An automatic generation of pre-processing strategy combined with machine learning multivariate analysis for NIR spectral data

Pre-processing near-infrared (NIR) spectral data is indispensable in multivariate analysis, since the measured spectra of complex samples are often subject to overwhelming background, light scattering, varying noises, and other unexpected factors. Various pre-processing methods have been developed to remove or reduce the interference of these effects. Until now, most applications of NIR spectra pre-processing in multivariate calibration have been trial-and-error, with selecting a proper method depending on the nature of the data, expertise, and practitioner experience. Thus, it is usually challenging to determine the best pre-processing method for a given data. In order to tackle these problems, this study proposes a new concept of data pre-processing, namely, automatically generating a pre-processing strategy (AGoES).
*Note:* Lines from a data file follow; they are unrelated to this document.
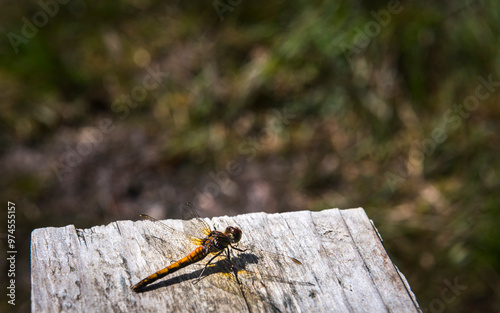 A summer HDR image of a Common Darter, Sympetrum striolatum, on a wooden stile in Langass wood, North Uist, Outer Hebrides, Scotland.  photo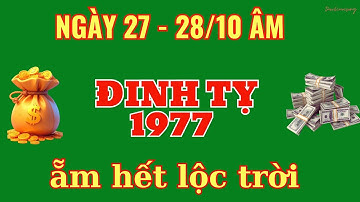 Đinh Tỵ 1977 - NGÀY 27 - 28/10 ÂM: THẦN TÀI ĐẾN NHÀ! TIỀN VỀ NHƯ MƯA, TIN VUI LỚN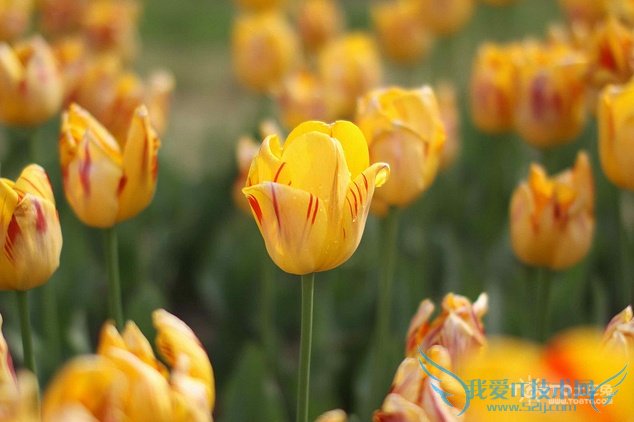 金色郁金香花语是什么 金色郁金香图片欣赏及资料介绍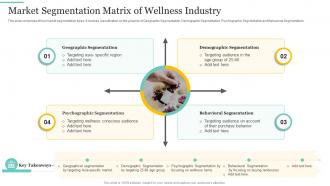 Market Segmentation Matrix Of Wellness Industry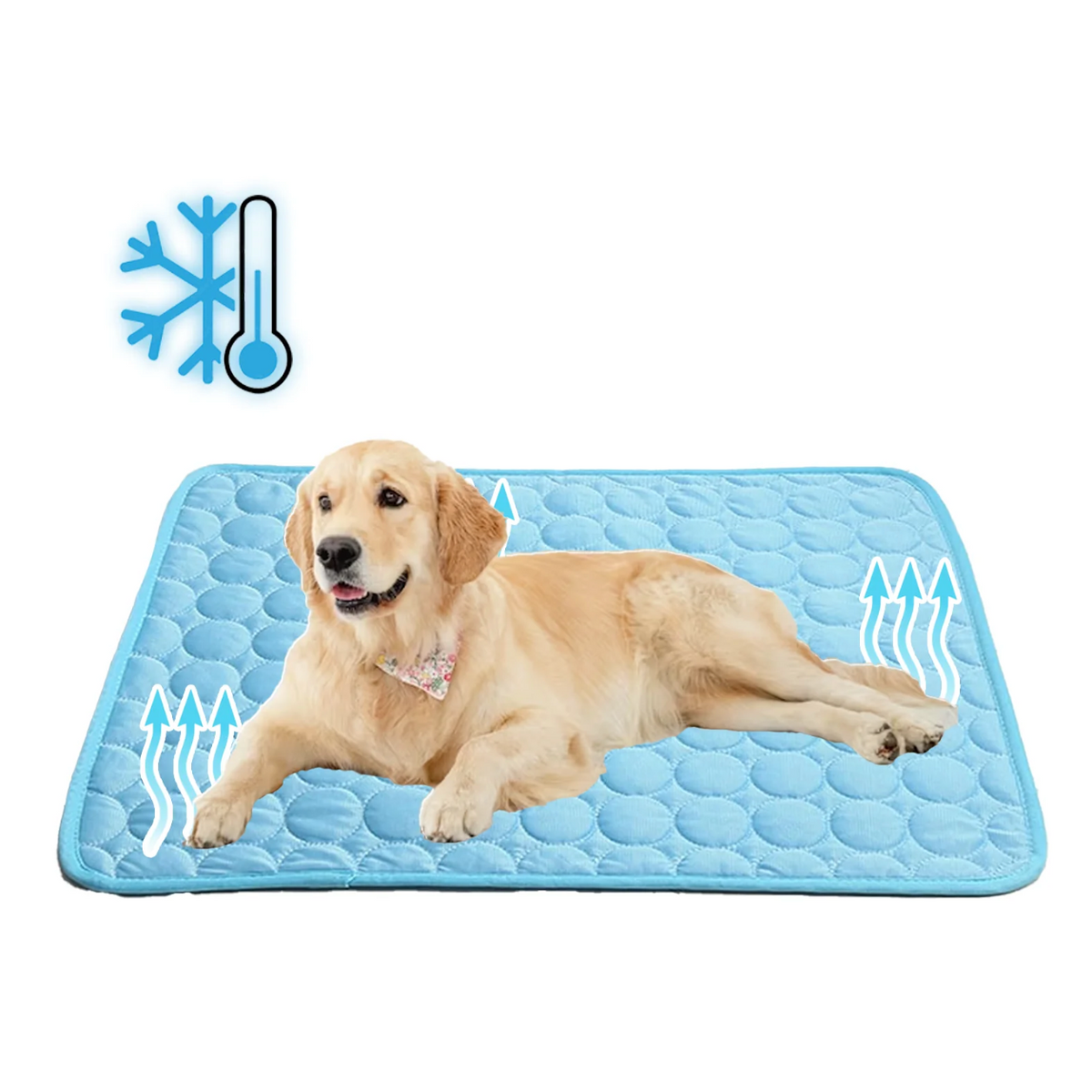 Cooling Mat for Dogs, Heat-Resistant Pet Cooling Pad
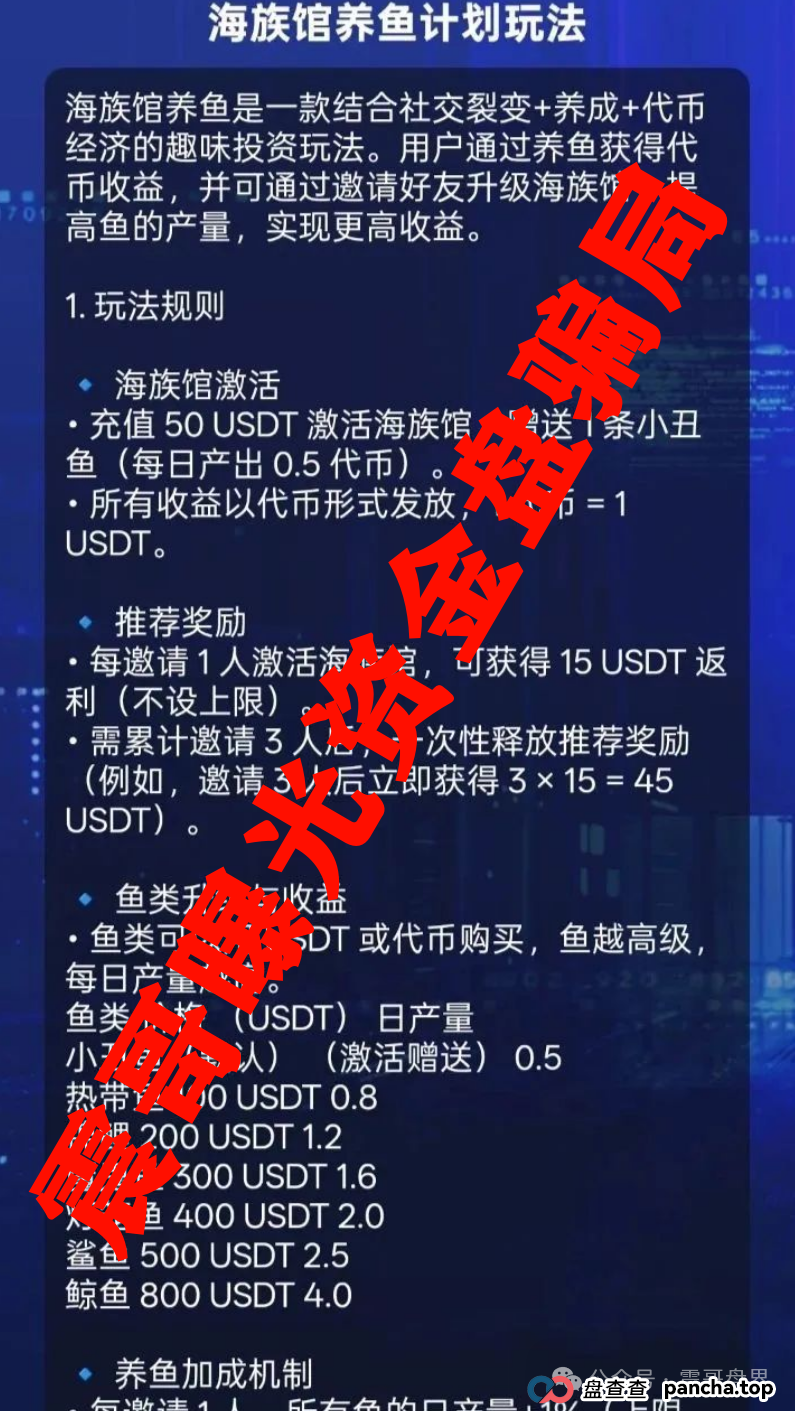 震哥扒皮Golden Link（睿讯）：带你避开这个资金盘连环套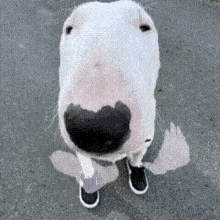 a close up of a bull terrier looking up at the camera while wearing shoes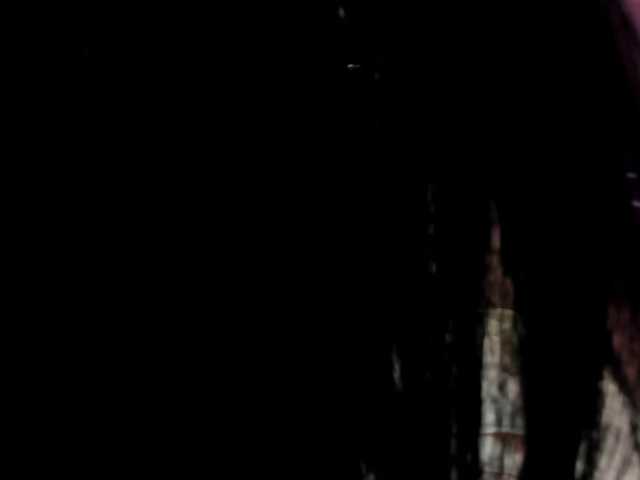 NinnaVous live cam on BongaCams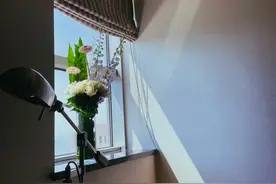 猜猜吃没吃？肖战晒照纠结吃不吃面包，搞笑称：不吃了不吃了不！吃了图片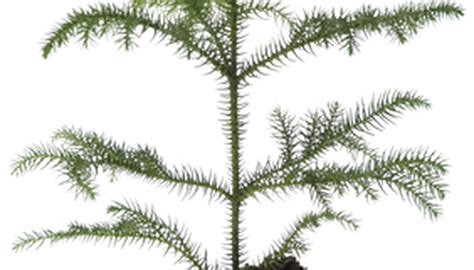 This fungi is actually quite common in soil but often remains unnoticed. How to Get Rid of Mold in Plant Soil | Garden Guides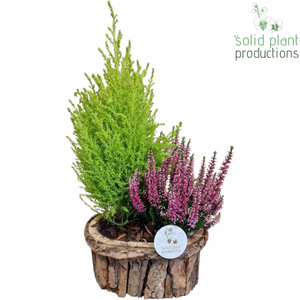 Small Brown Bark Arrangement – 22cm Pot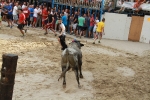 Lleno en Burriana en la jornada taurina del domingo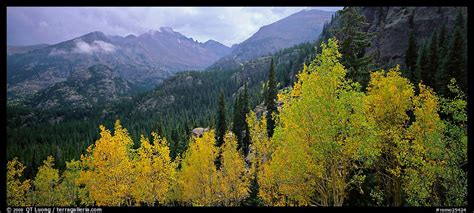 Rocky Mountains: Rocky Mountains Landscape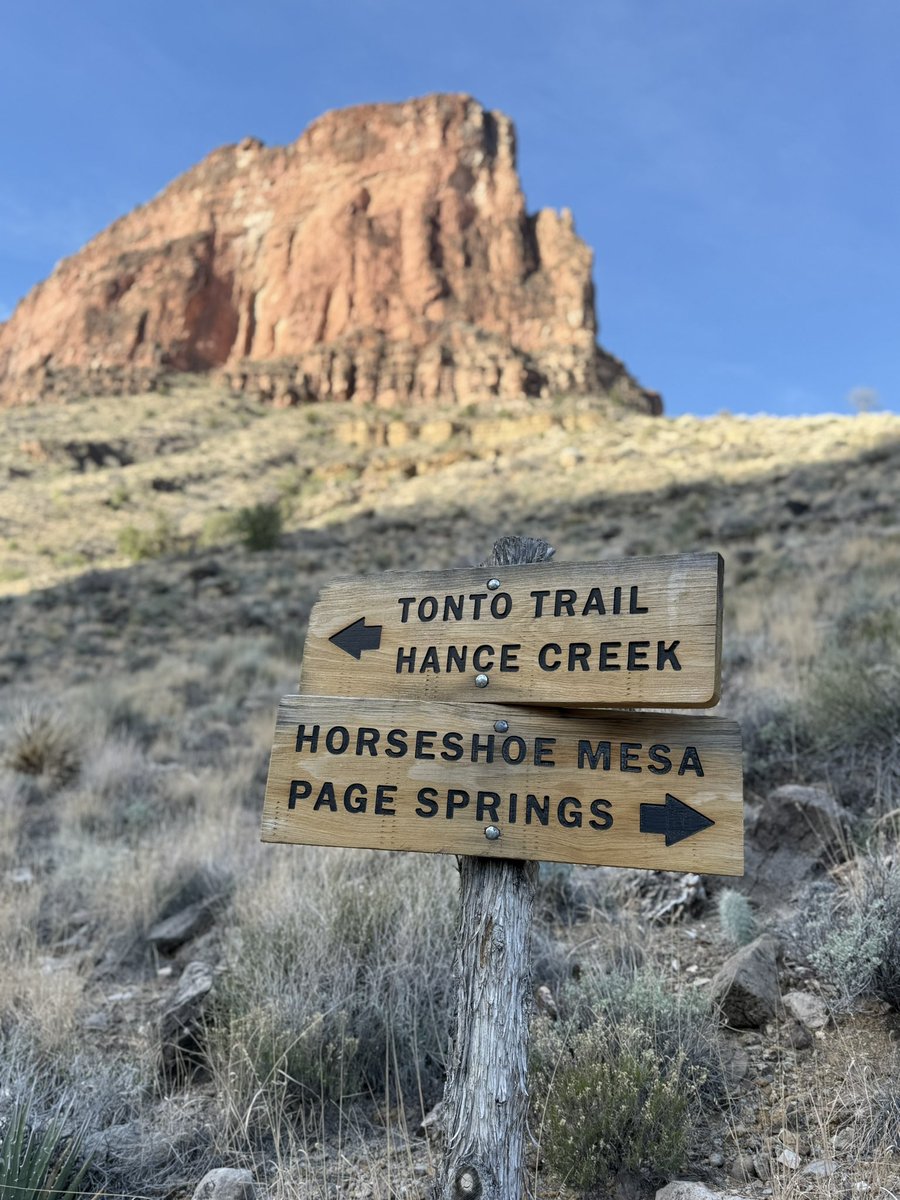 fietstwiets's tweet image.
This concept belongs to the ensemble pre-processing method, where machine learning algorithms (PLSR, SVM, k-NN, DT, AB, and GPR) built on differently preprocessed data are combined by 5-fold cross-validation and grid search optimization. To investigate our concept, a public NIR spectral dataset was used to predict three responses, including dry matter content (DM), organic matter content (OM) and ammonium nitrogen content (AN) from manure organic waste. The results show that SVM is the best algorithm combined with the AGoES pre-processing to predict DM and AN with a ratio of prediction to deviation (RPD) of 3.619 and 2.996, respectively. The AB tandem with AGoES pre-processing is the best strategy for predicting OM with an RPD of 3.185. Therefore, in the framework of the AGoES concept, it is unsupervised pre-processing, more simple, and feasible to apply multivariate analysis using machine learning algorithms.